Three post-deploy checks I run after every Cloudflare Pages build
Beyond Build Success: Validating Static Deployments in Production
Current Situation Analysis
Modern CI/CD pipelines are optimized for artifact generation, not runtime reality. When you deploy a static site generator (SSG) like Astro 5 to an edge network such as Cloudflare Pages, the pipeline celebrates a green build and exits. This creates a dangerous blind spot: the gap between successful compilation and actual edge availability. Developers routinely assume that a passing build equals a live, crawlable, and performant site. In practice, static deployments introduce a unique failure surface that only manifests after CDN propagation, routing rule evaluation, and third-party crawler interaction.
This problem is systematically overlooked because traditional testing strategies focus on unit coverage, integration mocks, or pre-deploy E2E flows.
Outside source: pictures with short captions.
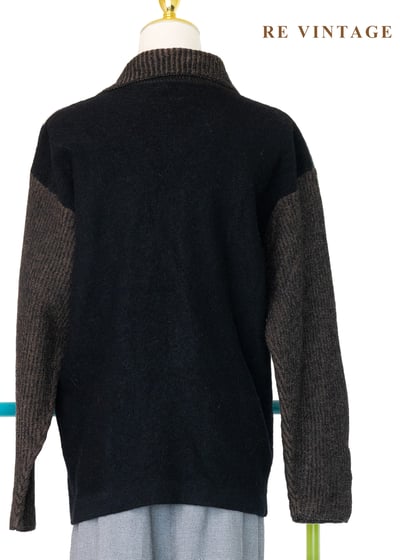 拼貼夢境撞色刺繡針織毛線外套12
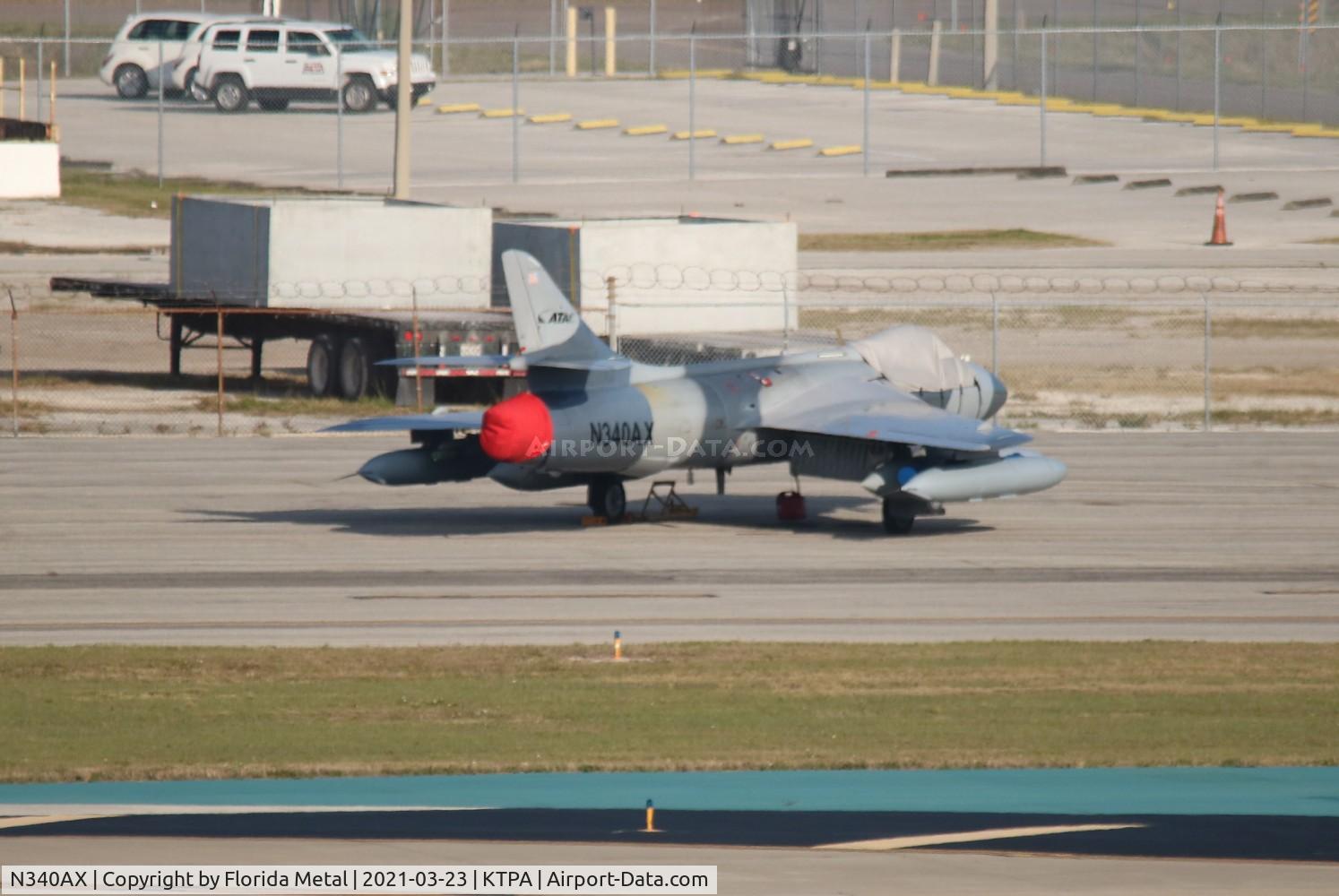 N340AX, 1958 Hawker Hunter F.58A C/N 41H-697464, Hawker Hunter zx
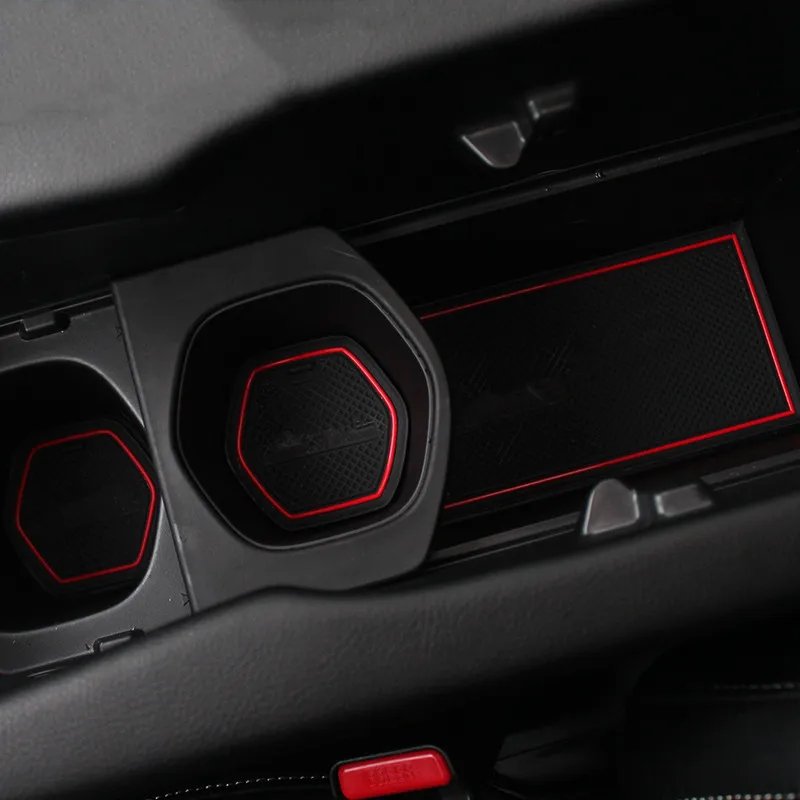 For Honda Civic 10th 2016 2017 Gate Slot Pad Door Groove Mat Antislip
Those strategies validate code logic, not deployment topology. Routing files like _redirects are evaluated at the edge, not during the build phase. A misconfigured rewrite rule can silently block search engine crawlers while appearing perfectly functional in a browser, since browsers automatically follow HTTP 301/302 responses. Similarly, build-time data pipelines (e.g., querying Turso or SQLite during SSG compilation) can fail to populate expected content without throwing a build error, resulting in empty sub-sitemaps or missing route segments.
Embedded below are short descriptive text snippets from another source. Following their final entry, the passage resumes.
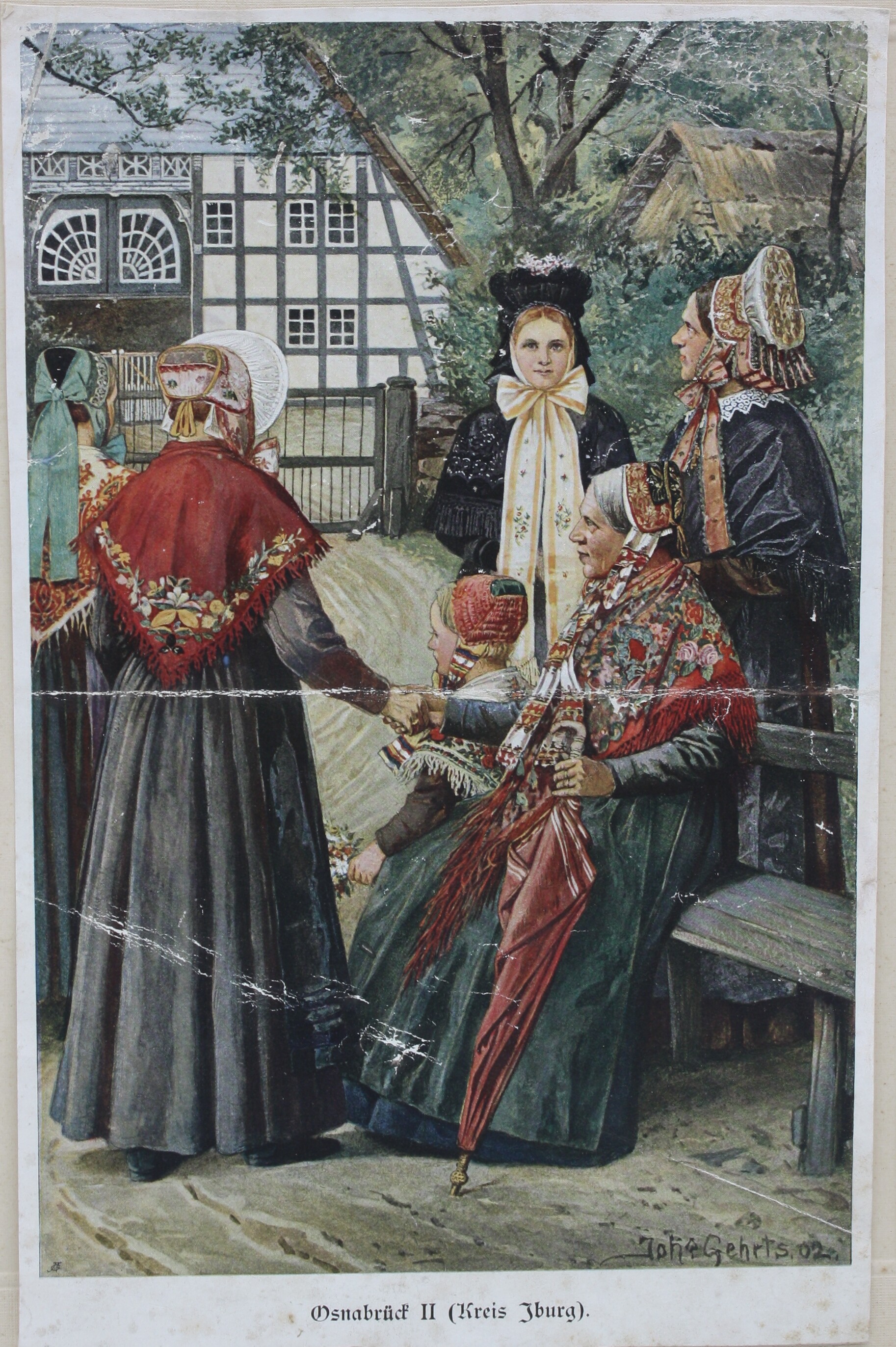 Kunstdruck: Trachten aus Osnabrück (Drilandmuseum CC BY-NC-SA)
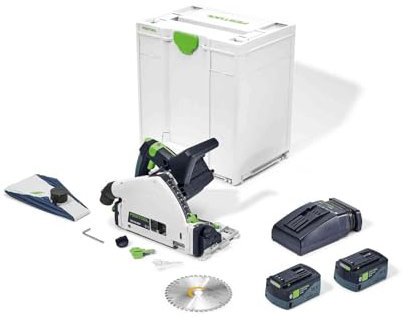 Festool 577677 Cordless Plunge-Cut Track Saw TSC 55 18V 5.0 Ah KEBI-F-Plus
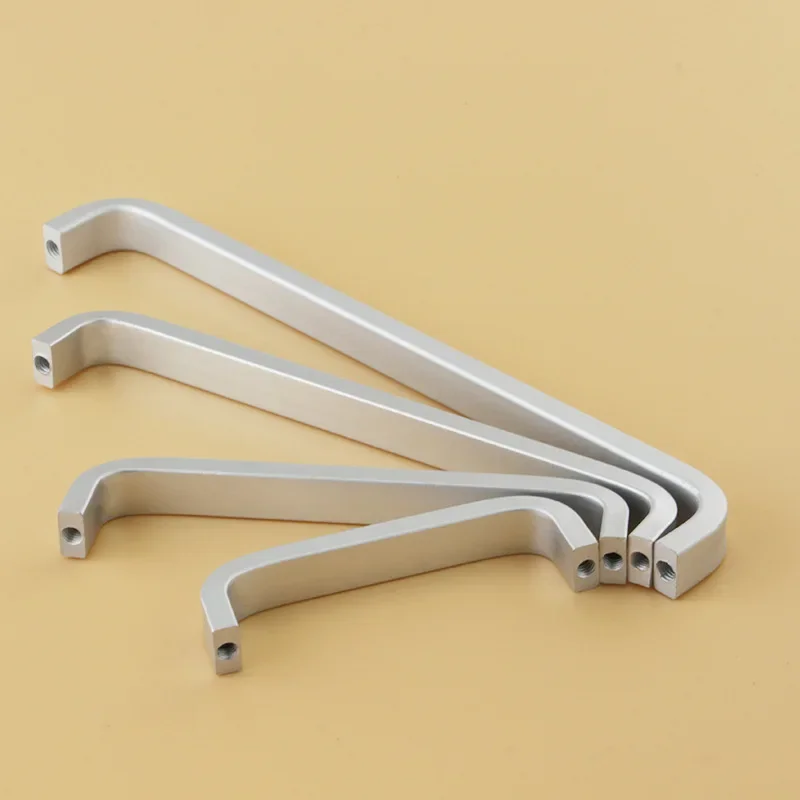 4/6/8/10/12 inches Space Aluminum Handles Kitchen Door Cabinet Straight Handle Pull Knobs Furniture Hardware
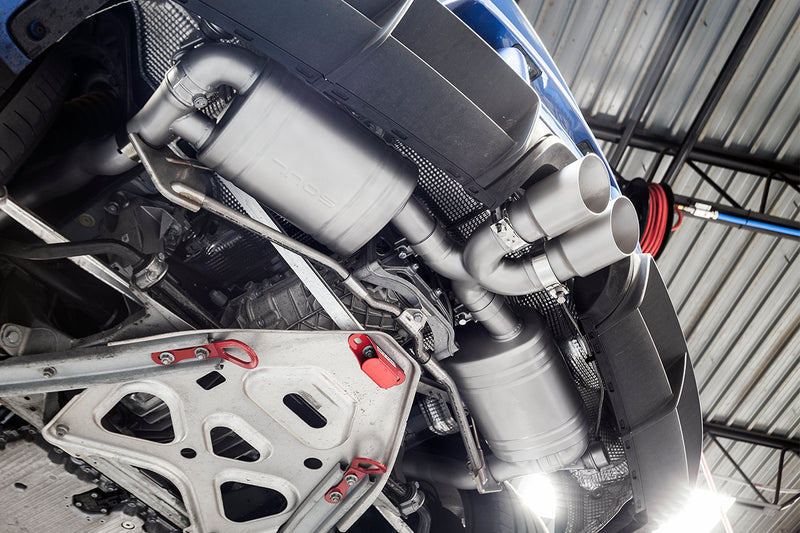 Porsche 981 GT4 / Boxster Spyder / Clubsport SOUL Valved Exhaust System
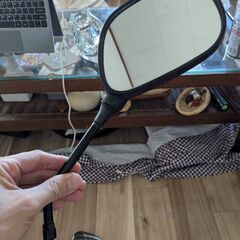 バイク　4スト　エンジンオイル、U字ロック、原付ミラー　セット　我孫子の画像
Real-world incident data from production static deployments shows that routing misconfigurations can persist for up to five days before detection. IndexNow verification failures often go unnoticed until search rankings drop, and performance regressions from CSS framework updates (like Tailwind v4 layout shifts) compound silently across deploys. The industry has over-indexed on build-time validation while under-investing in post-deploy artifact verification. For static and SSG architectures, the runtime is simply pre-rendered HTML, CSS, and JSON served from an edge cache. The failure surface is narrow but critical: crawlability, indexing velocity, and baseline performance. Validating these three dimensions after every deployment closes the gap between compilation success and production readiness.
WOW Moment: Key Findings
The shift from build-gate validation to post-deploy artifact verification fundamentally changes how teams measure deployment health. Traditional CI/CD metrics focus on compile time, test coverage, and bundle size. Post-deploy validation shifts the metric focus to edge propagation latency, crawler accessibility, and indexing submission success. The following comparison illustrates the operational impact of adopting a targeted post-deploy validation pipeline versus relying solely on traditional gates or full E2E suites.
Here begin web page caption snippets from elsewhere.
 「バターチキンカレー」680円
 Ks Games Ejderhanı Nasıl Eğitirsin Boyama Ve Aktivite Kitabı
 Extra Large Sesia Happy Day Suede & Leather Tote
| Approach | Detection Latency | CDN Propagation Awareness | Maintenance Overhead | False Positive Rate |
|---|---|---|---|---|
| Traditional Build-Gate CI | High (misses edge routing) | None | Low | Low |
| Full E2E Testing Suite | Medium (mocks edge behavior) | Simulated only | High | Medium |
| Post-Deploy Validation Pipeline | Low (validates live edge) | Native | Low-Medium | Very Low |
This finding matters because it decouples deployment velocity from validation accuracy. Full E2E suites are expensive to maintain and often fail due to flaky network conditions or mocked edge behavior. Build gates catch syntax and logic errors but remain blind to routing rules, CDN caching headers, and third-party API dependencies. A targeted post-deploy pipeline validates exactly what matters for static architectures: whether crawlers can reach the sitemap, whether indexing APIs accept the live URLs, and whether performance baselines remain stable. The result is faster feedback loops, fewer false alarms, and immediate detection of edge-specific failures that would otherwise degrade SEO and user experience.
Core Solution
The validation pipeline consists of three independent checks, each targeting a specific failure mode in static edge deployments. The architecture prioritizes speed, accuracy, and separation of concerns.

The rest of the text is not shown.